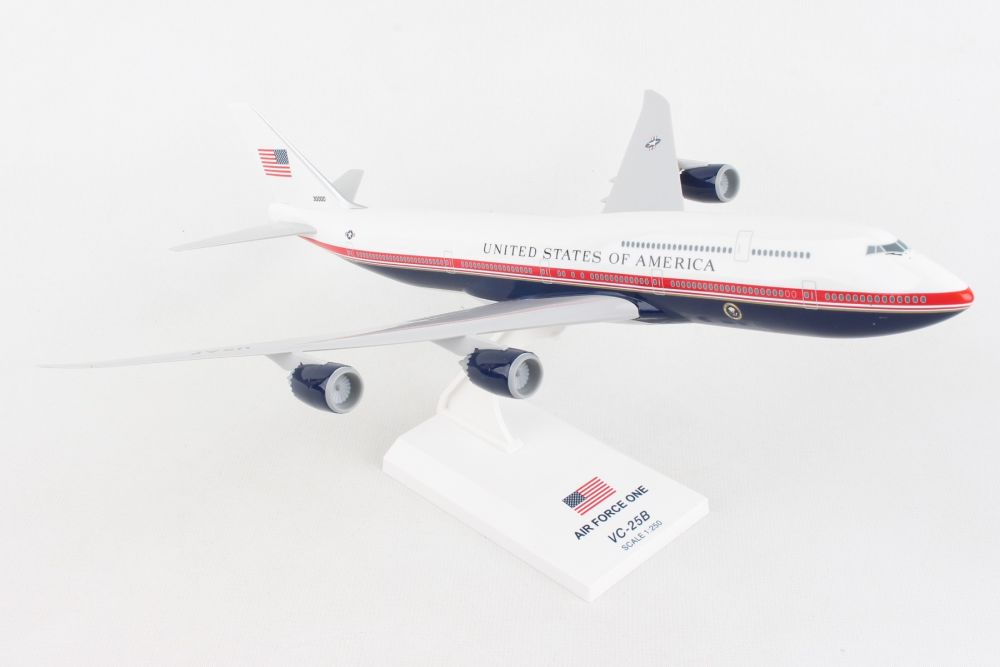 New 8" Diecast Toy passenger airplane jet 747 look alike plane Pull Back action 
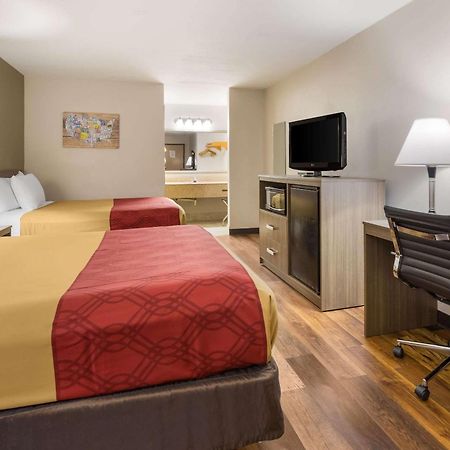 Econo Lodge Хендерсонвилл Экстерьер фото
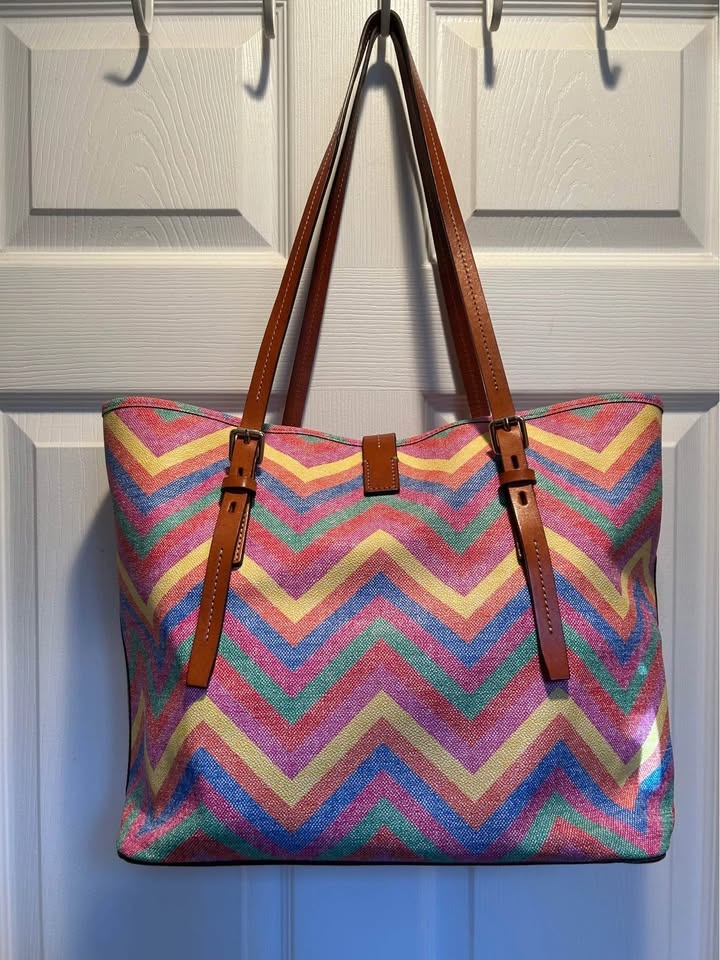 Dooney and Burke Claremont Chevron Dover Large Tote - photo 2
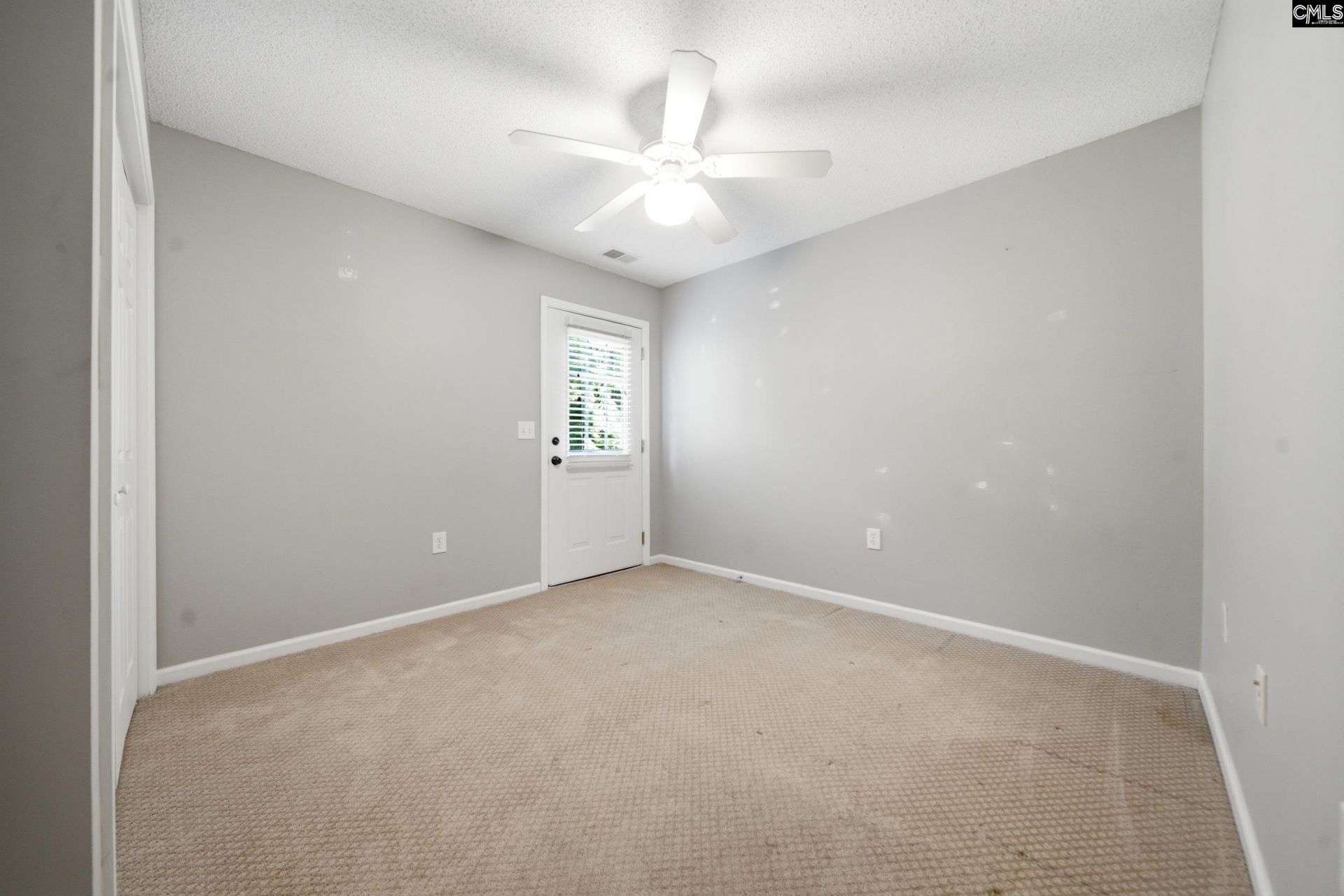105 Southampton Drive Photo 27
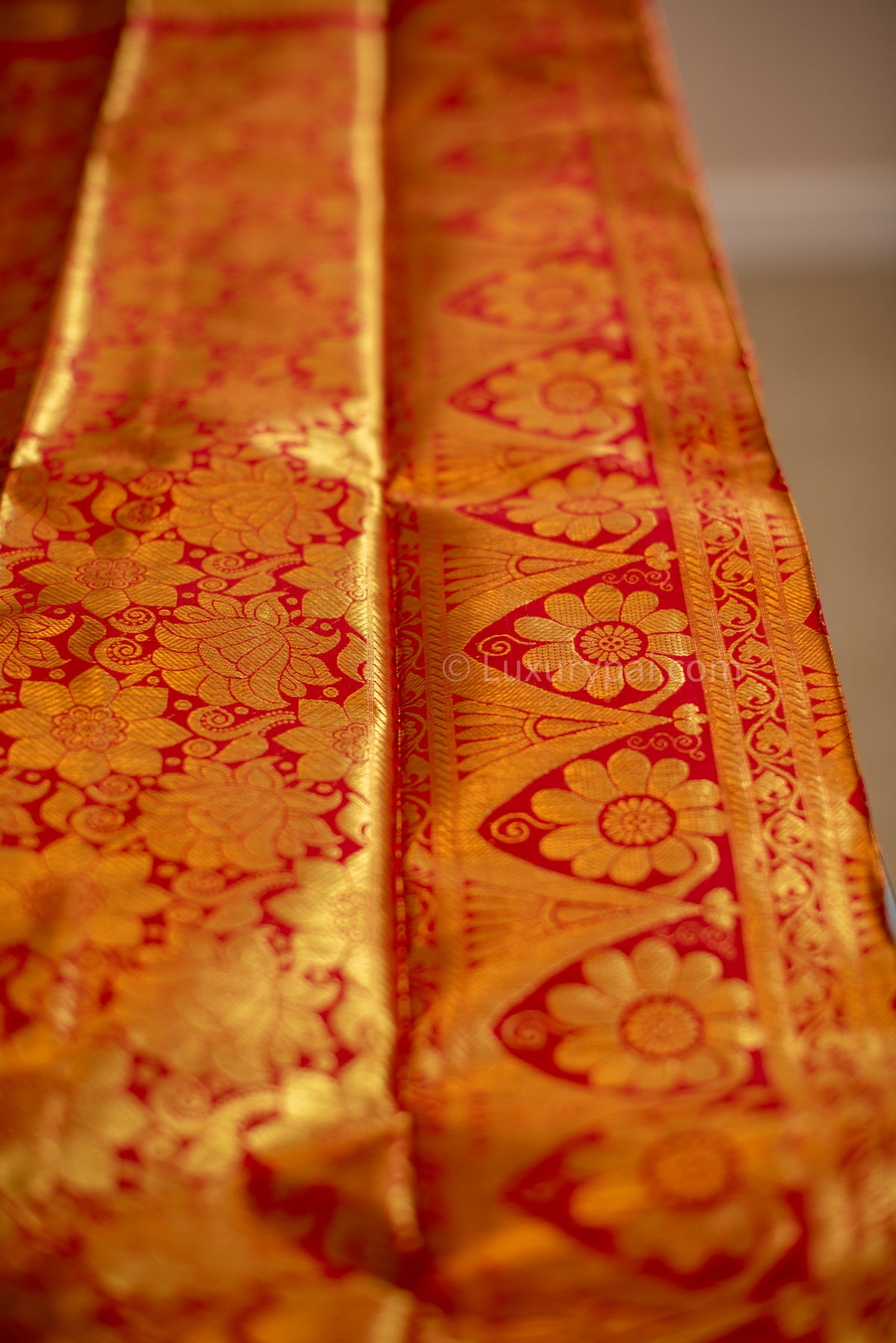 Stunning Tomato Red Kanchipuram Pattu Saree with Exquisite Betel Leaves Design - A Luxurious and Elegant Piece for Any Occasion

##############################

(What this task involves):
Exclude the images, then output the data above word for word.

(Task solution):
 New 8" Diecast Toy passenger airplane jet 747 look alike plane Pull Back action 
 Econo Lodge Хендерсонвилл Экстерьер фото
 Dooney and Burke Claremont Chevron Dover Large Tote - photo 2
105 Southampton Drive Photo 27
 Stunning Tomato Red Kanchipuram Pattu Saree with Exquisite Betel Leaves Design - A Luxurious and Elegant Piece for Any Occasion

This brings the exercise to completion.